Integration is further enhanced by the nationally limited work week of each teacher. Teachers work 24-hour weeks, while the students are in school all day. Consequently, an elementary school class will have two teachers who teach alone for part of the day and together in the middle or end of the day. In addition, special education teachers provide up to 20 hours per week of services and support, which are determined by the needs of the individual student. Thus, all teachers are involved in inclusive education for the whole class, with the special education teacher being available to all the children as well as consultant to both the regular teachers and the child with support needs.
Another highlight was a meeting with Dr.
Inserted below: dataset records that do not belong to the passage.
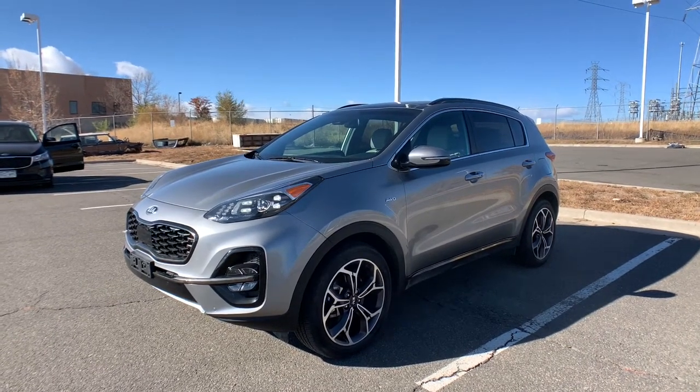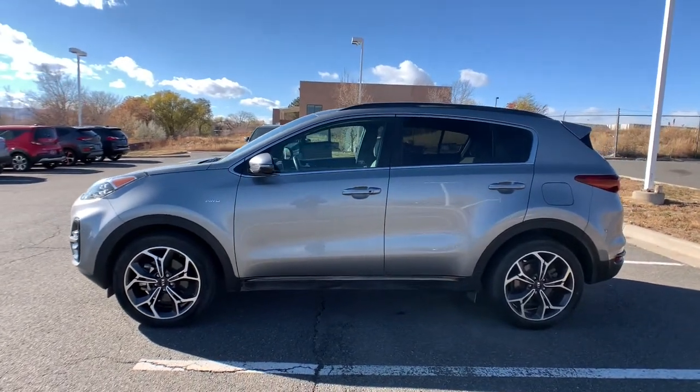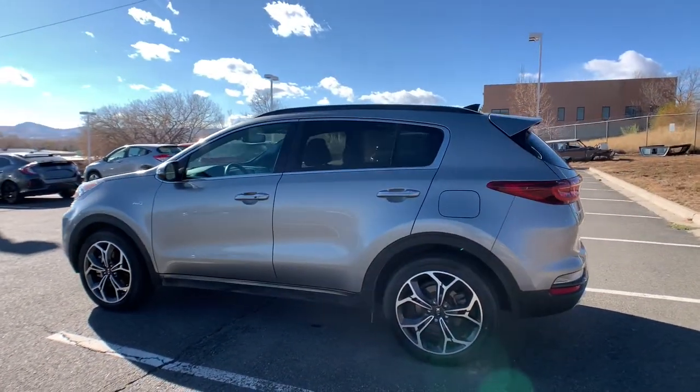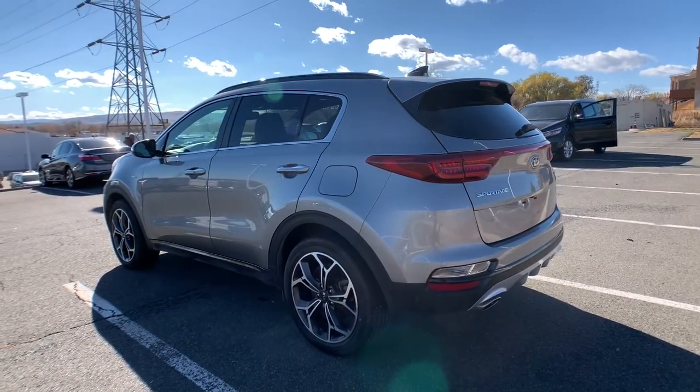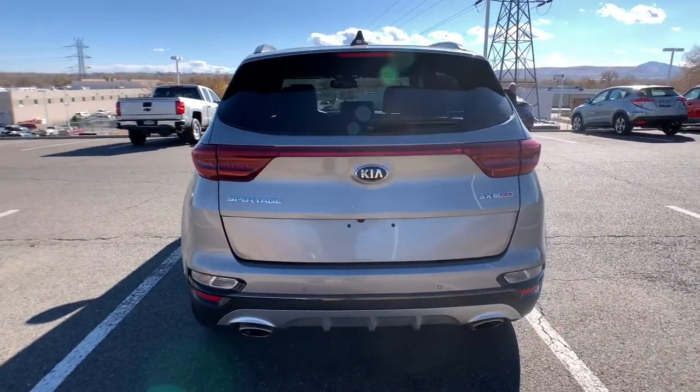Enjoy the view of this 2020 Kia Sportage. Take confidence and your adventurous spirit along on every journey in this elegant and well-equipped Sportage. From its sleek lines to its luxurious interior to its suite of safety tech, this compact crossover has the features you've been looking for.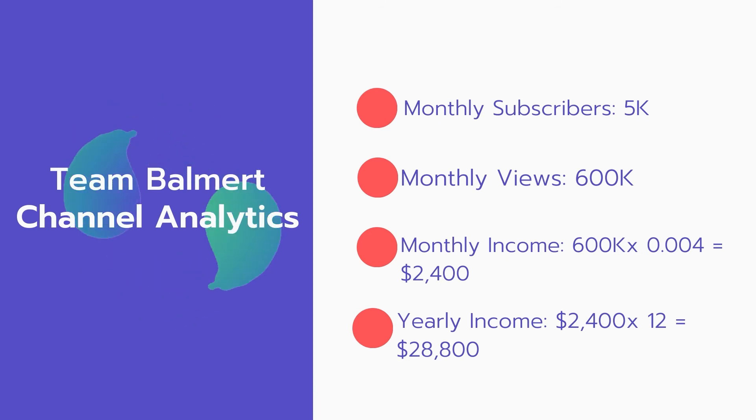Now for the income: the monthly income will be 600,000 views multiplied by $0.004, which equals $2,400 every month. And for the yearly income: $2,400 multiplied by 12 equals $28,800 per year.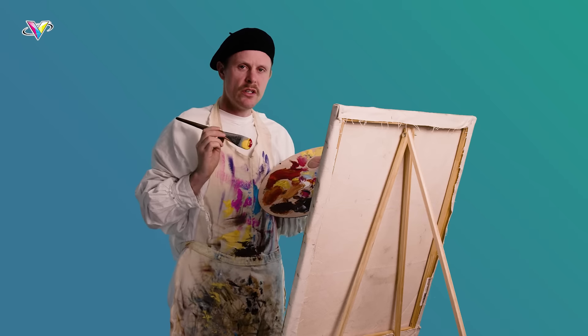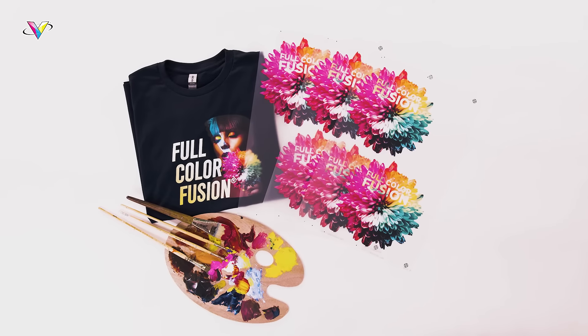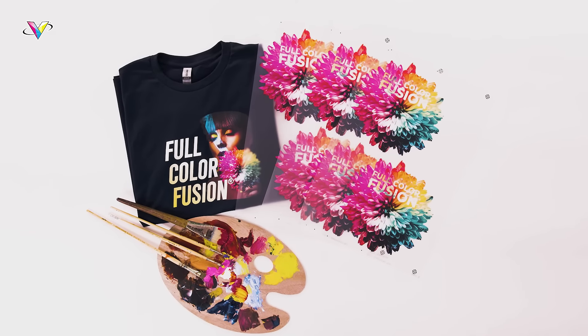Artists create masterpieces. And so do the artists at Versatrans. So when your t-shirt printing business needs beautiful artwork for your custom heat transfers, our quick and talented artists will create you a masterpiece and send it to you for approval the same day you place your order. We like to call it Same Day Artwork.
Anna Gidoni, a neuropsychiatrist from Florence, who founded a clinic that welcomed families to come with their disabled child. They observed the family, listened to them and helped them to learn how to support their child in ways that often reduced the effect of their child’s disability on their child’s life situation. Dr. Gidoni promoted not early intervention but early listening. As an influence in Italy's integration process, she was an example for me of the many kinds of connections between school and the medical community. The prescription of support services, including how many hours of them each student should be provided, takes place not within the school system but through the health care system. I had a hard time understanding how this works because it is so different from what I know. Yet requiring school partnership in the education of students with special needs reflects the community’s involvement in integrating people with disabilities into community life. I came home with many questions and the notion that a national inclusive education policy makes sense and can work at home. We don't have to wait until we know all about how to do it to begin. After all, nobody waits until they know it all before having children with or without disabilities.
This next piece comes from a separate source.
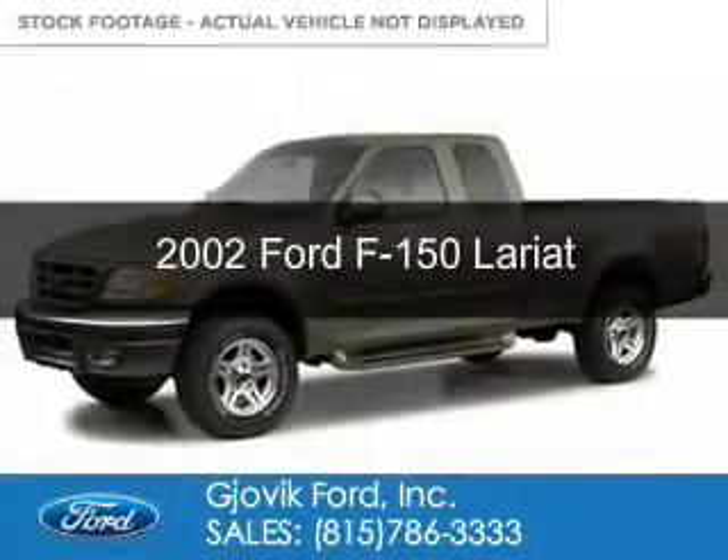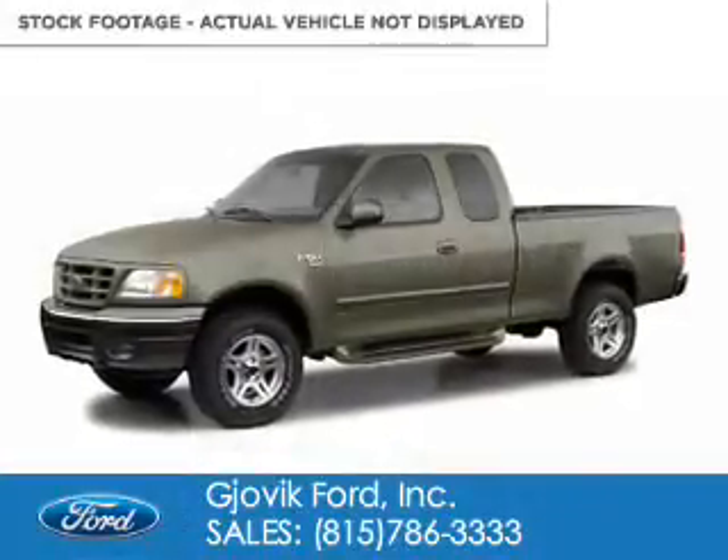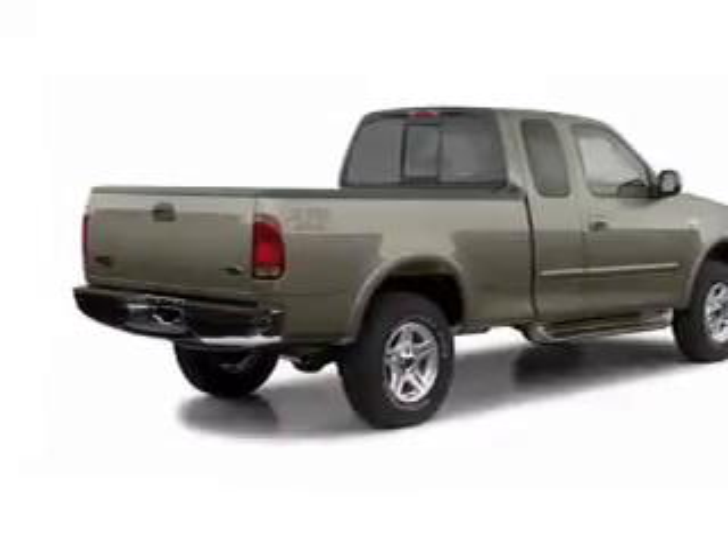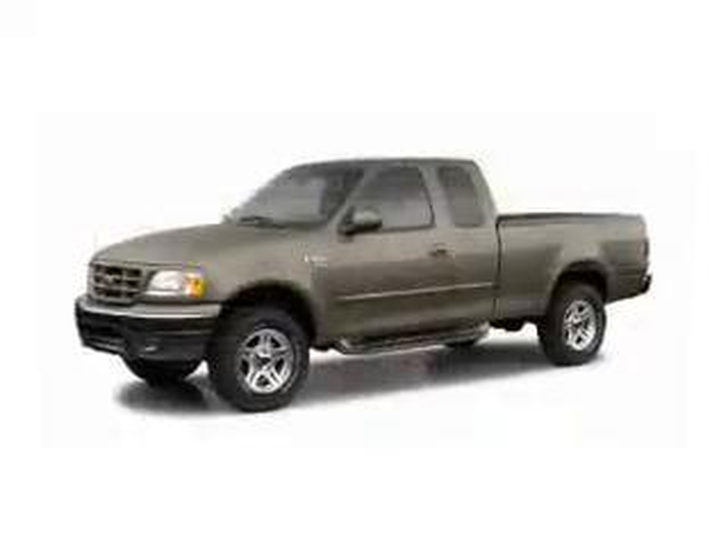This is a used 2002 Ford F-150. It's powered by four-wheel drive, a 5.4-liter, eight-cylinder engine, and a four-speed automatic transmission.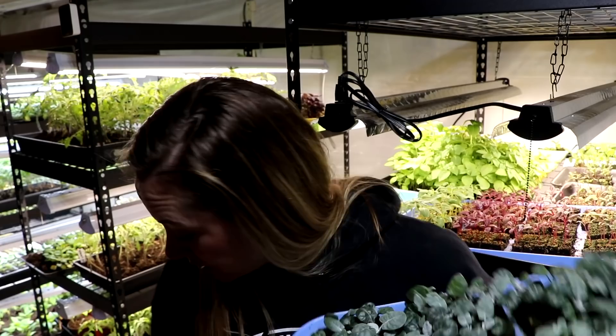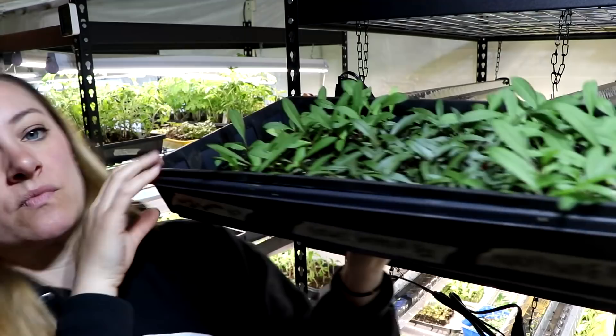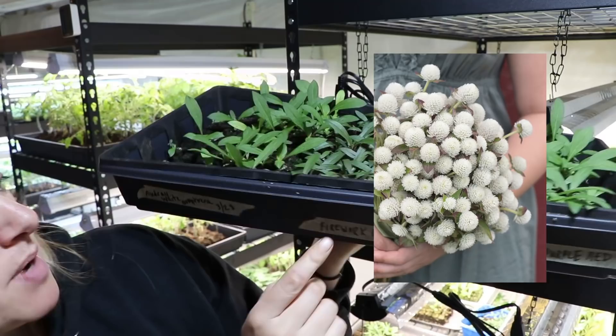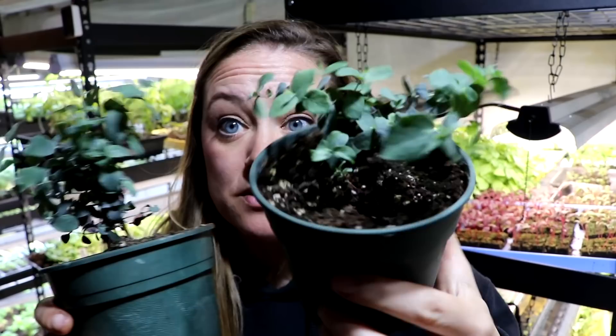Blooper is licking up the water I spilled on the floor — thank you, Blooper. Here's another tray of gomphrena. The Audrey White gomphrena, which was my favorite last year, did not have great germination, but the Fireworks gomphrena that someone sent me — thank you so much — has amazing germination. And Audrey Purple Red which I purchased also has great germination. So I'm going to have a lot of gomphrena, which is good because I have plans for it.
We also saw, and administrators confirmed our impressions, that resources for the schools were considerably more plentiful in the north than the south of Italy. Politics and economic biases in education seem to be universal. Now that the western European countries no longer have economic borders, Italians have mentioned that they hope to export what they know about how to educate all students together, and import from northern Europe some of the technological know-how and devices for students with disabilities.
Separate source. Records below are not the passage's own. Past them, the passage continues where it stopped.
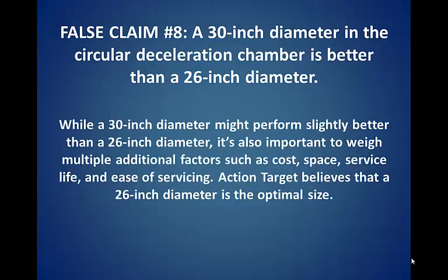False claim number eight: a 30-inch diameter circular disc deceleration chamber is better than a 26-inch diameter. While a 30-inch diameter might perform slightly better than a 26-inch diameter, it's also important to weigh multiple additional factors such as cost, space, service life, and ease of servicing. Action Target believes that a 26-inch diameter is the optimal size.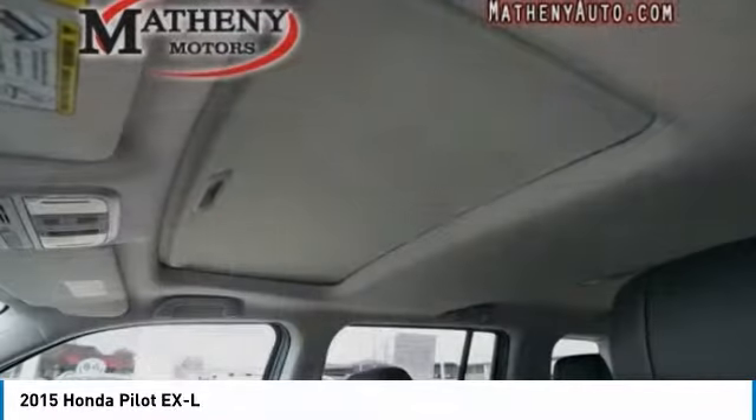Take this vehicle for a spin and see why so many shoppers are now proud owners.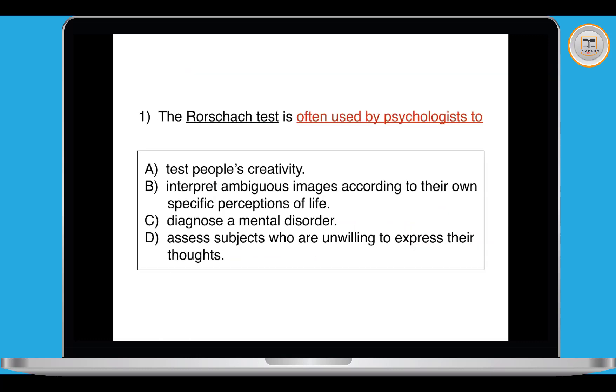Going to the endings — it's often used by psychologists to: A, test creativity? No. B, interpret ambiguous images? No. C, diagnose a mental disorder? No. D, assess subjects who are unwilling to express their thoughts? Yes — that's the answer. The passage said 'examine people' / 'reluctant to describe their thinking'; the ending says 'assess subjects who are unwilling to express their thoughts'. Very clear keyword matches: unwilling = reluctant, express thoughts = describe their thinking. So D is 100% the best answer.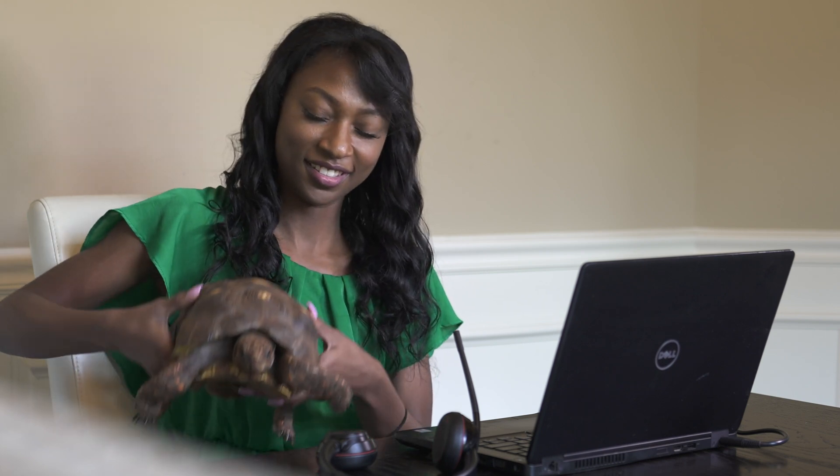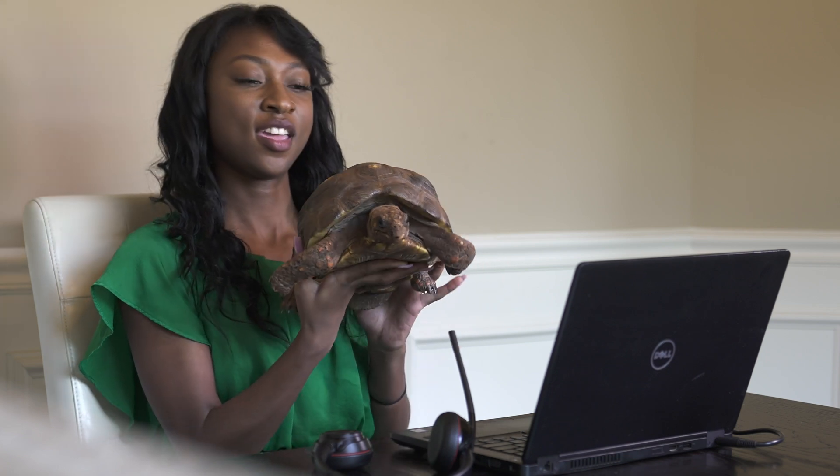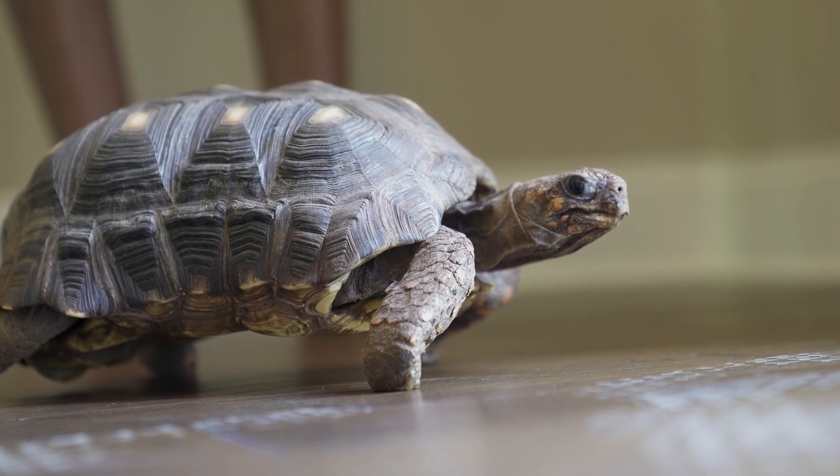Something about myself that people might not know is I have a pet tortoise and his name is Lester. Lester is 20 years old and he will live to be about 75 to 80 years old. His favorite food is pineapple — feel free to send him cantaloupes, pineapples, mangoes, anything.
For people with disabilities, I would like to communicate about the interpersonal and intrapersonal aspects of exchange programs. A handicap I experienced was the difficulty of establishing natural friendships and having peer interactions that were not influenced by my having been introduced to my fellow sojourners as a person in need of assistance. Although I had a wonderful time and made excellent connections with some of my companions, near the end of the trip people were tired and functioning on "one cylinder," which resulted in some awkward moments of isolation. I would recommend asking if it makes better sense, when traveling as the only person with a disability on such an excursion, to have at least one peer with whom you have a prior relationship and who is not the main person designated to assist you. This should not be read as a negative but only as a question to pursue as part of the quest to overcome some barriers built into the American culture. While I’d choose to have this experience again, I can't help but wonder if those moments would have been different if "the children had belonged together" when we were in elementary school.